E-sports, also known as competitive gaming, has largely been overlooked by investors who don’t take the industry seriously. But that’s starting to change, as investors learn that e-sports is not a niche market, but rather an untapped gold mine.
That’s why venture capitalists are taking a special interest in Taunt—a Seattle-based startup that allows e-sports fans to compete against one another while they view live-streamed footage of professional gaming competitions.
“Fans want something that’s built specifically for the games they love,” said Ben Gilbert, CEO of Taunt. “The large amount of data and machine learning we’re using under the hood allows us to create this of e-sports-specific real-time experience.”
Indeed, there’s evidence to support Gilbert’s claim that fans are seeking this type of service. This past August, the International Dota 2 Championship, which was hosted in Seattle’s Key Arena, was completely sold out.
What’s more is that the latest research shows that the professional gaming market is steadily growing each year.
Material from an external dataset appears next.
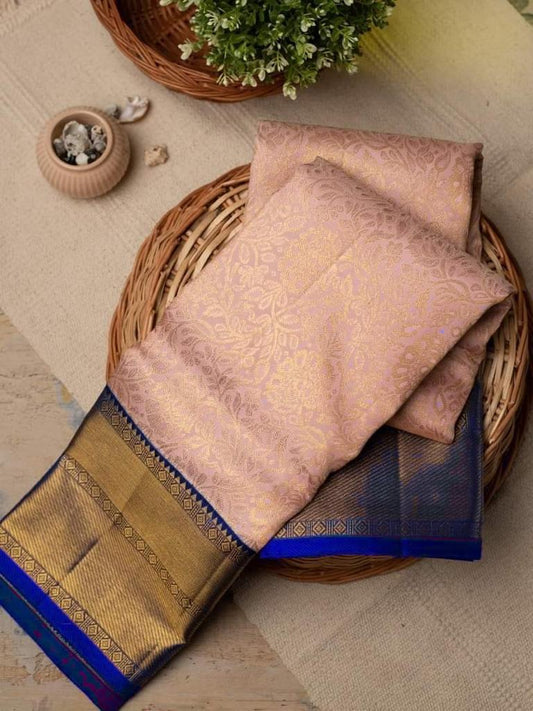 Valiba Royal Blue Beautiful Rich Pallu And Jacquard Saree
According to Newzoo’s 2017 Global E-sports Market Report, competitive gaming revenues are projected to reach $696 million by the end of this year and swell to $1.5 billion by 2020.
This past September, the Foundry Group (in partnership with Microsoft co-founder Paul Allen’s Vulcan Capital and other angel investors) led a $1.7 million investment into Taunt. It’s yet another sign there is money to be had in the e-sports market.
But Justin Dellario, head of E-sports Programs at Twitch, still thinks there are improvements to be made before the industry can turn major profits.
“Regulation and organization at all levels will help take e-sports from more than just an exciting prospect, to an identifiable opportunity with a clear return on investment,” Dellario told Sports Illustrated. “It is at that point that we will begin to see investments turn from millions into billions.”